Landlords brought constitutional challenge to ordinance prohibiting landlords from refusing to rent property to prospective tenants when that refusal was motivated by desire to avoid Section 8 requirements.
The District Court granted summary judgment to landlords. City appealed. The Court of Appeals reversed and remanded. Landlords sought review, which was granted.
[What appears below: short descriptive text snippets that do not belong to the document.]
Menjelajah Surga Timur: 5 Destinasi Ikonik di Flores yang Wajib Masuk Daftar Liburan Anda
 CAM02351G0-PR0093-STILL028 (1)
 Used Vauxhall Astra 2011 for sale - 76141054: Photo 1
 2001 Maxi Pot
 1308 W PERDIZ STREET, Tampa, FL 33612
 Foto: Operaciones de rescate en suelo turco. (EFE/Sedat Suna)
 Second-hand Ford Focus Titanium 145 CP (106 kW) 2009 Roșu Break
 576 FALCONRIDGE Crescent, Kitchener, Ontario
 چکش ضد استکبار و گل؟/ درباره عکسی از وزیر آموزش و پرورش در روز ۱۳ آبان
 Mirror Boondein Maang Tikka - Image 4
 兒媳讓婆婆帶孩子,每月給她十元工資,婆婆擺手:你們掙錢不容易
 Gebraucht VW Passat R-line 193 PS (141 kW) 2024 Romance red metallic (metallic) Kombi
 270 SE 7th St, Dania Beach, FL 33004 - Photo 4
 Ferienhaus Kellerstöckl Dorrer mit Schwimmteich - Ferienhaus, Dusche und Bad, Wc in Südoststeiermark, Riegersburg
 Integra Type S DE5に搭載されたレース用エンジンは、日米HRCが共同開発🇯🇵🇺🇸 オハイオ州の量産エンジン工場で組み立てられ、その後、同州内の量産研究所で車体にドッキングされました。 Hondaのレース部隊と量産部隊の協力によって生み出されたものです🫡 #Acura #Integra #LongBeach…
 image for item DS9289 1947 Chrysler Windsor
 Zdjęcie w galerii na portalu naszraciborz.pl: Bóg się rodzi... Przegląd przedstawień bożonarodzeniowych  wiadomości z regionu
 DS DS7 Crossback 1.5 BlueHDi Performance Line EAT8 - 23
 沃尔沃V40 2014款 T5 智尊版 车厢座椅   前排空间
The Supreme Court held that:
- Ordinance was reasonable means to achieve city’s purposes of increasing housing opportunities for voucher holders, addressing discriminatory effects of housing denials, and prohibiting prejudice-based discrimination, supporting finding that ordinance satisfied rational basis standard as to due process claim;
- Unless a law that treats groups of people differently impacts fundamental rights or creates a suspect class, it does not violate the equal protection principle of the state constitution when it is a rational means of achieving a legislative body’s legitimate policy goal; however, this rule is subject to an important exception, which is that under the equal protection guarantee of the state constitution, court holds lawmakers to a higher standard of evidence when a statutory classification demonstrably and adversely affects one race differently than other races, even if the lawmakers’ purpose in enacting the law was not to affect any race differently; and
- Distinction created by ordinance between certain landlords was rational method to achieve exemption’s legislative purpose of administrative efficiency, and therefore ordinance did not violate equal protection guarantee.